The next decade represented a refounding for all three services. In 1789 Congress created a Department of War; then it adopted the First American Regiment on September 29 of that year–the Army’s third and perhaps real birthday. In 1792 Congress passed a Uniform Militia Act that in fact guaranteed that the U.S. would not have a uniform militia: it allowed each state to respond to the Act’s “suggestions” as it saw fit. The U.S. still had no navy in 1793 when the French Revolution exploded into a world war and the Barbary pirates began preying on American shipping in the Atlantic. In response to this dual crisis, Congress passed a Naval Act on March 27, 1794–arguably the real birthday of an American Navy. Finally, on July 11, 1798, as the Quasi-War with France approached, Congress passed a law organizing the Navy’s Marines as a Corps of Marines, thus marking the real birth of the U.S. Marine Corps.

While Radical Whigs had feared that the Constitution would create a standing army that could be used to suppress civil liberties, as it has turned out, for more than two centuries and counting, it created neither tyranny nor despotism.

Writing Narrative Military History 

Rick Atkinson discussed his goals and research for his forthcoming The Day of Battle: The War in Sicily and Italy, 1943-1944, the second volume in his WWII trilogy. WWII historians are said to face public indifference and academic hostility: the New York Times asked in its review of the recent film Flags of Our Fathers, “is there anything left to be said about WWII?” In academia, John J. Miller recently wrote, military history is either dead or dying, under siege from the P.C. shock troops who see it as a subject for warmongers (“Sounding Taps,” National Review, Oct. 2006). Then there are concerns like those expressed by Alan Moorehead, who warned that even years later it’s impossible to know the truth, once falsehoods have become entrenched.

But history is, as Barbara Tuchman pointed out, a story, and storytelling taps one of most ancient art forms. Moreover, there does continue to be a wide audience for popular authors like Bruce Catton, Shelby Foote, and Max Hastings and for academically trained historians.

Paul M. Edwards, the bibliographer of Gen. Matthew Ridgeway, has estimated that the collected WWII archives weigh 14,000 tons. Atkinson read aloud the first few paragraphs of his new book, describing Churchill’s arrival in Sicily in May 1943, and explained how writing them had required rooting like a pig for truffles in British War Cabinet and other archives for the rich details they contain.

WWII journalist Martha Gelhorn once wrote that “war was always worse than I knew how to say.” That’s the historian’s task, to ensure that the realities of war come across.
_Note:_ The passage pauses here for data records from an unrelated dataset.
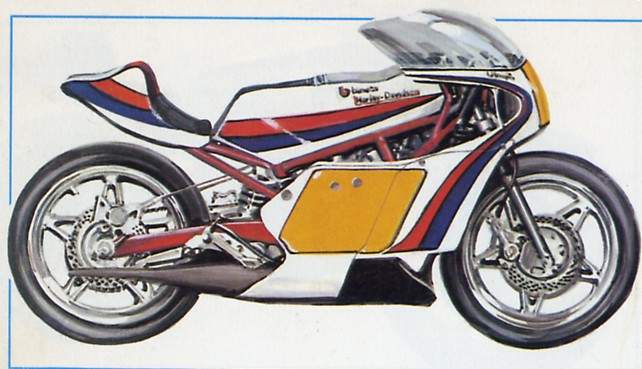 1976 – BIMOTA HDB1 – 500 For Sale Specifications, Price and Images
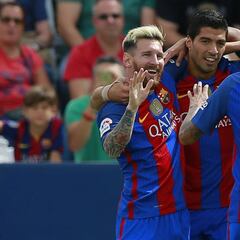 Butarque se rinde al Barça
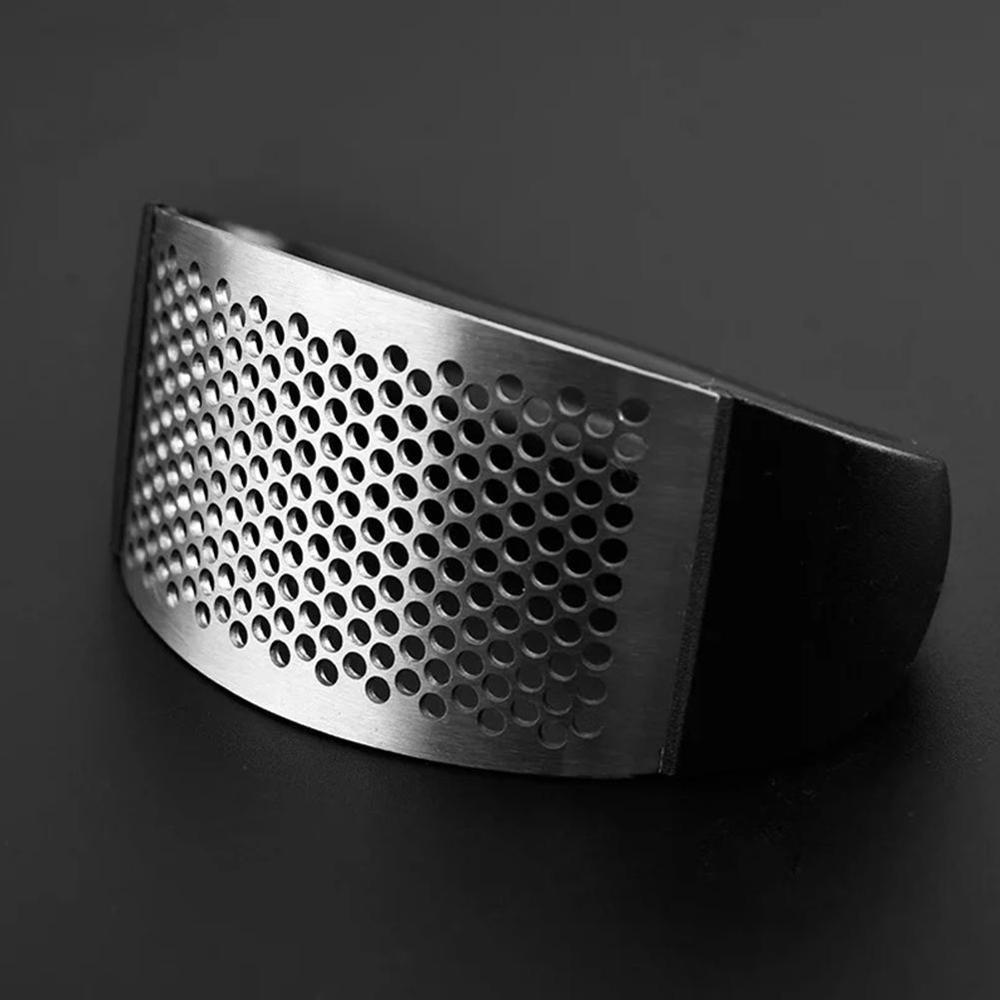 Multifunctional Manual Steel Garlic Presses Chopper Gadget Slicer Grinder Kitchen Cutter Coo Tool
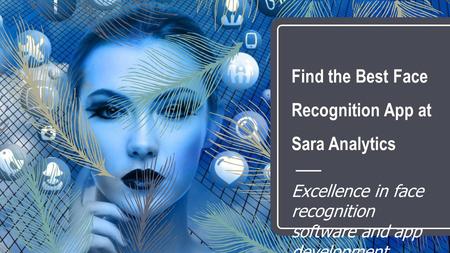 Face Recognition App - Sara Analytics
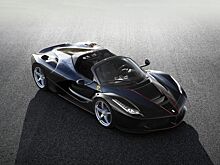 Ferrari построит ещё один LaFerrari Aperta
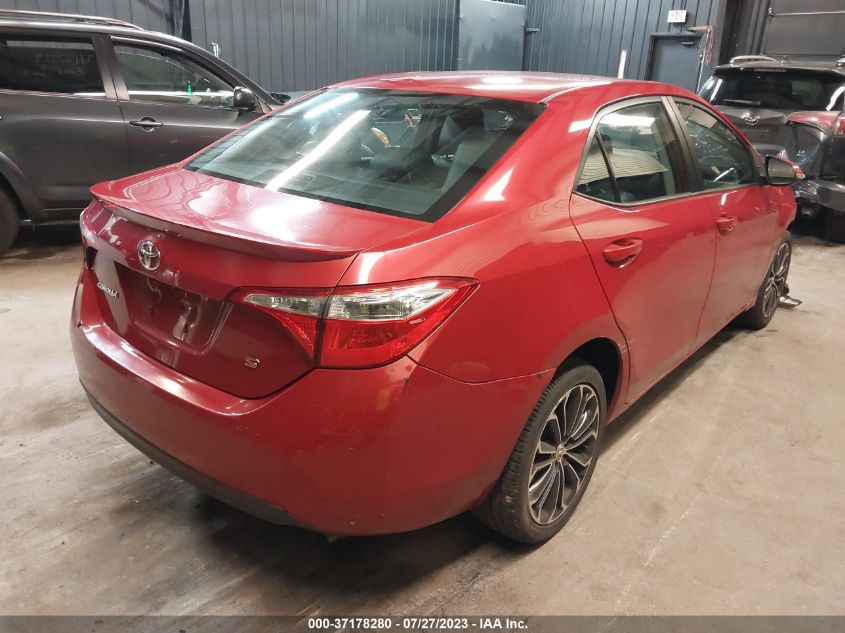 2015 TOYOTA COROLLA L/LE/S/S PLUS/LE PLUS - 2T1BURHE8FC231311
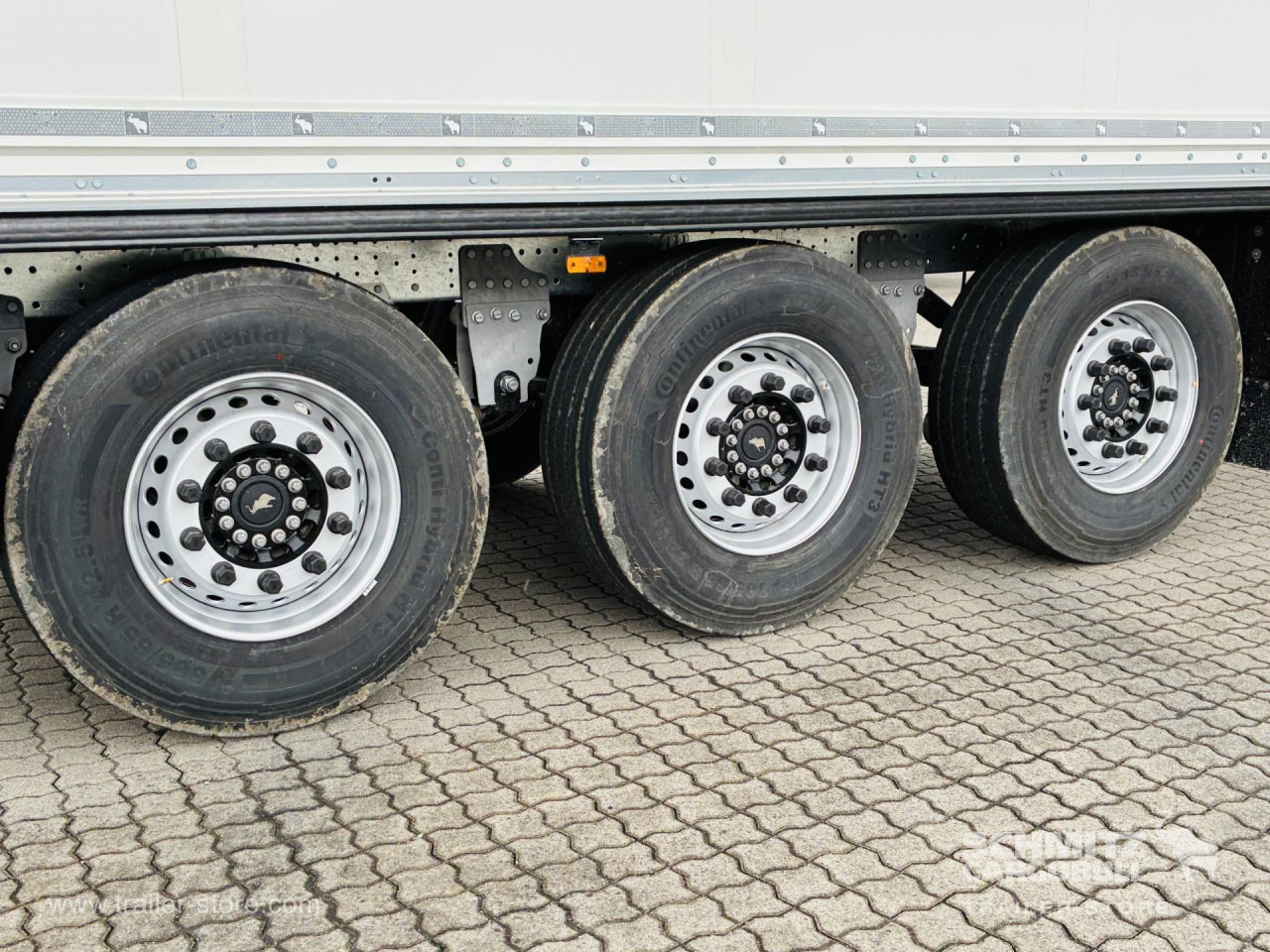 SCHMITZ Auflieger Trockenfrachtkoffer Standard Double deck - Semirremolque caja cerrada: foto 3 SCHMITZ Auflieger Trockenfrachtkoffer Standard Double deck - Semirremolque caja cerrada: foto 3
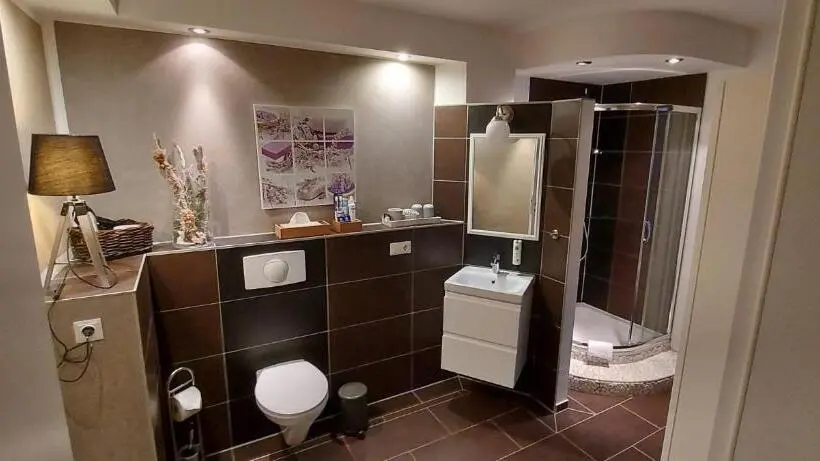 １ベッドルームアパートメント, Pension Haus Am Wald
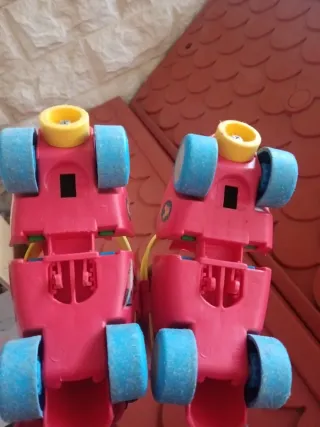 Patines infantiles Mickey Mouse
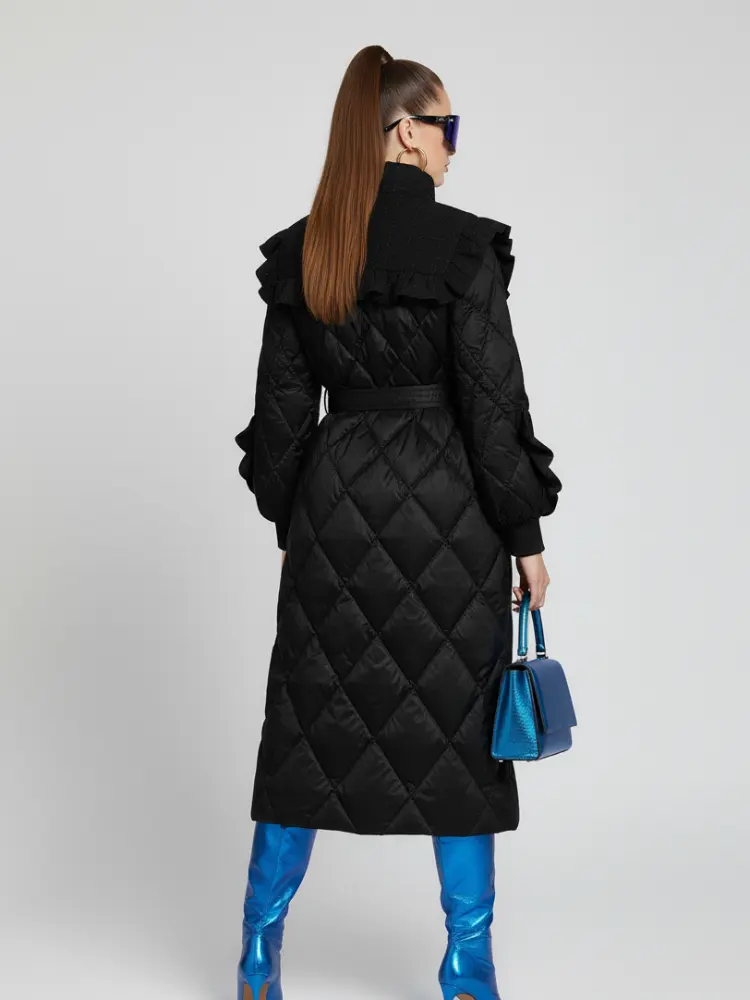 Women's Long Coat WALL STREET COUTURE BYMANYC ® New York by BYMANYC ® New York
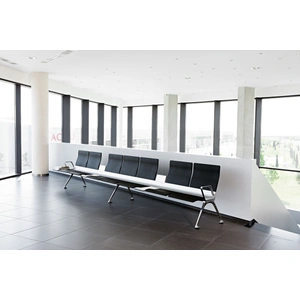 Actiu Transit PU Airport Seating Bench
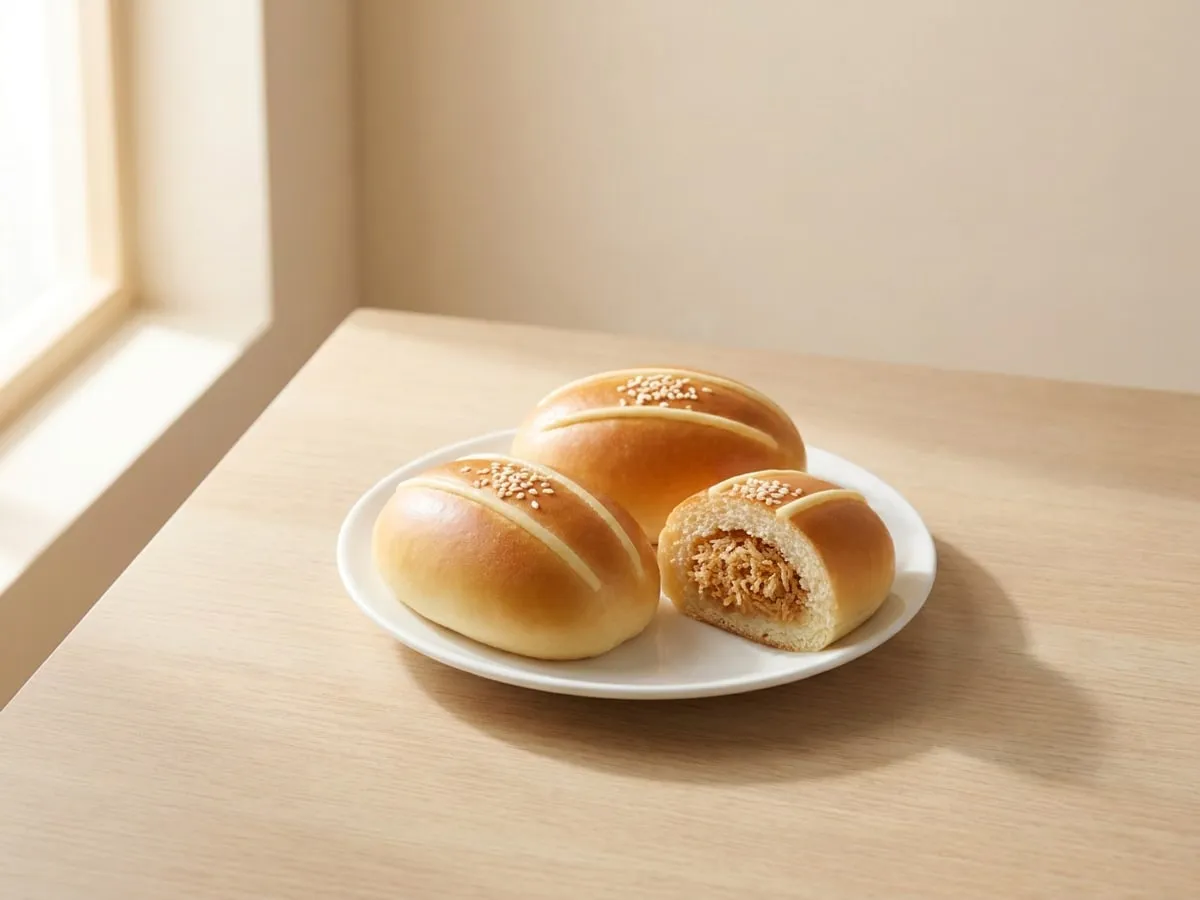 Cocktail bun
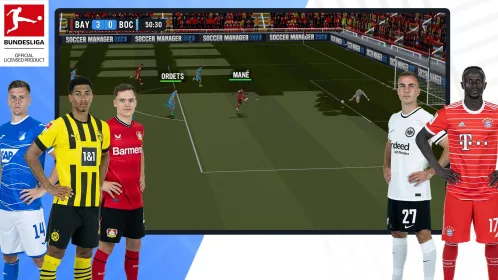 Screenshot Soccer Manager 2023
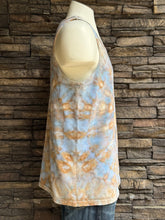 Load image into Gallery viewer, Men’s Large Spiral Tank Top in ‘Blue Gray’
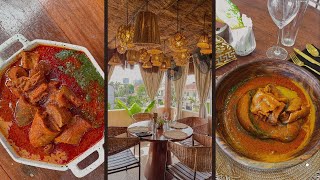 TOP 3 LAGOS RESTAURANTs FOR AESTHETIC ABULA - AMALA WITH AESTHETIC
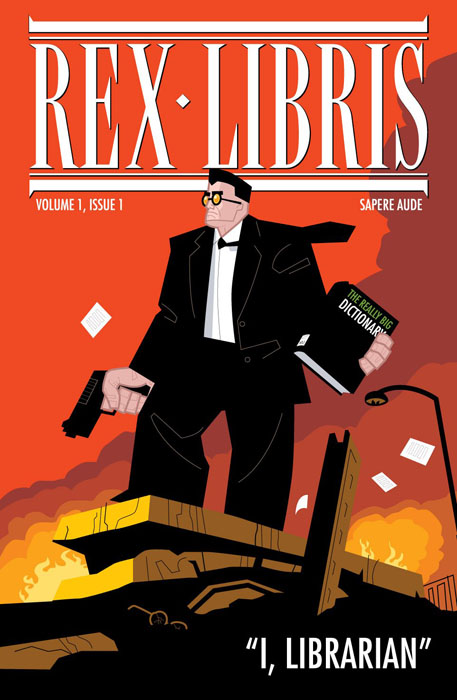 Rex Libris #1-3 (2005-2006)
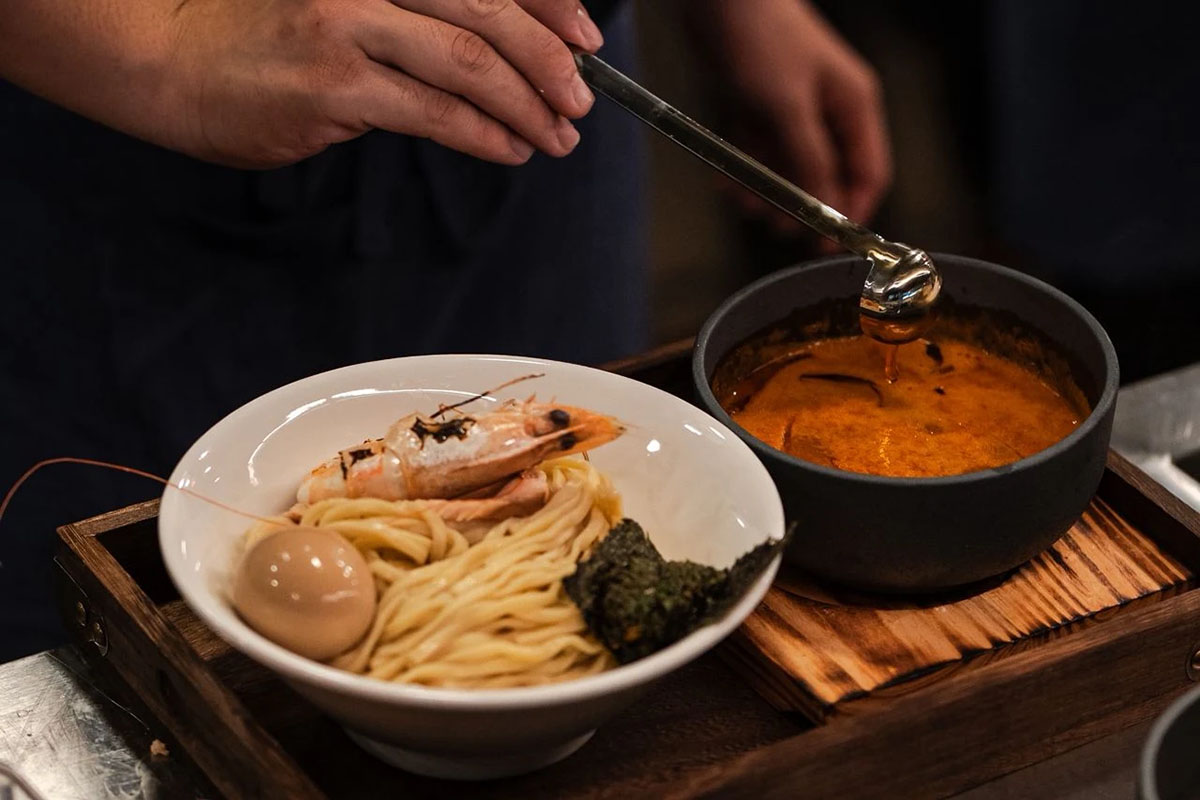 Fujin Ramen - Ebi tsukemen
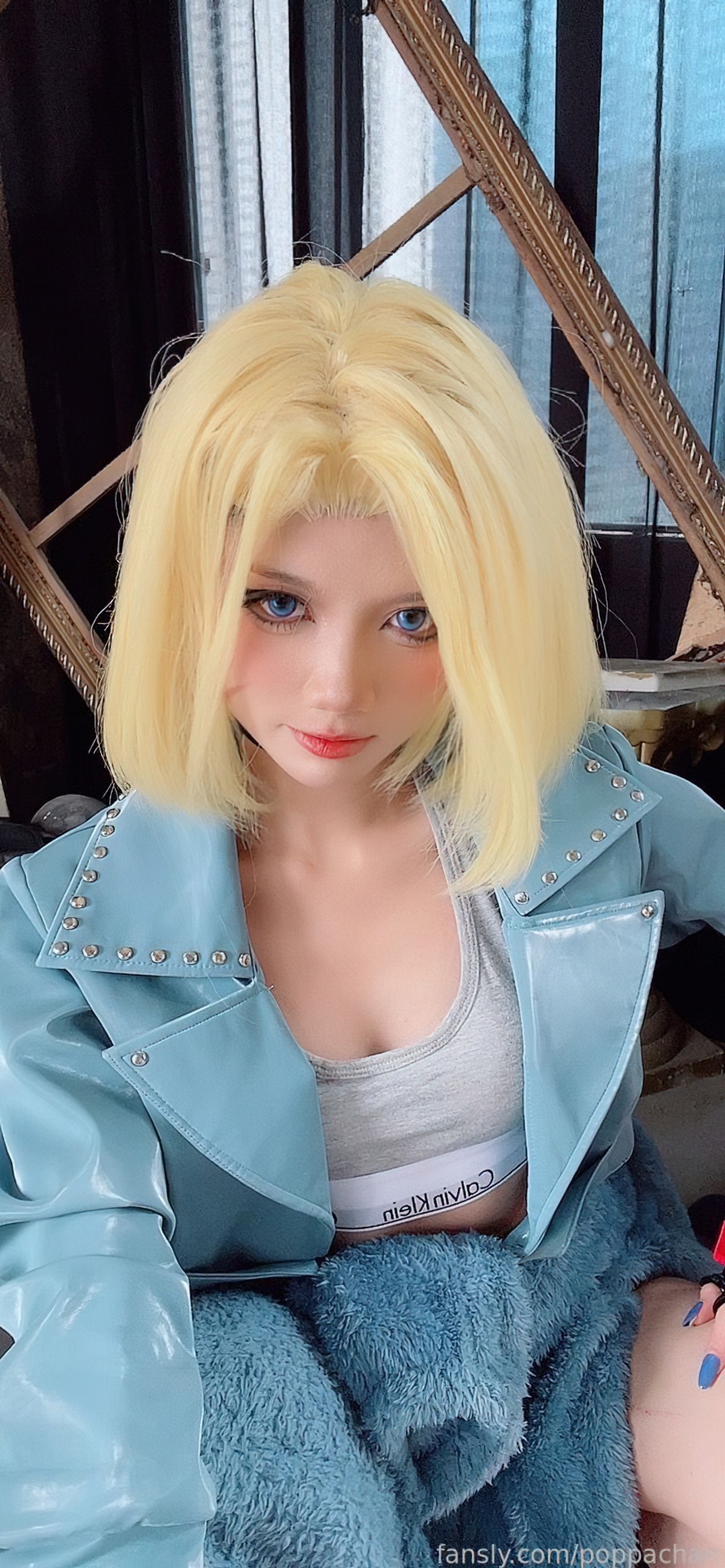 PoppaChan Cammy Cosplay (Street Fighter) – 45 Photos 58MB插图5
The narrative historian is trying to empower readers’ imagination, to have them follow into the smoke and fear of war. For example, in his account in Day of Battle of the January 1944 battle of Rapido, Atkinson’s ambition was to transcend the particulars to approach the timeless and placeless. War is an eternal, compelling, life and death matter; it is also corrupting, corroding decency and tarnishing the spirit. WWI soldier Wilford Owen spoke of sorting the incoming mail of dead soldiers with his senses so charred, “I don’t even take the cigarette out of my mouth when writing ‘deceased.’” The late Susan Sontag asked whether there was any antidote to the perennial seductiveness of war; it could be to write as truly as one can.

Historian Sir Michael Howard, who fought in the Italian campaign in WWII, observes that military history all too often is written to embellish national myth and record feats of derring-do. Demythologizing WWII is the job of future generations. Each generation has a new set of questions. Sir Michael speaks of having a generation with no personal memory of the war, whose parents have no memory of it, either. That generation is now in our classrooms.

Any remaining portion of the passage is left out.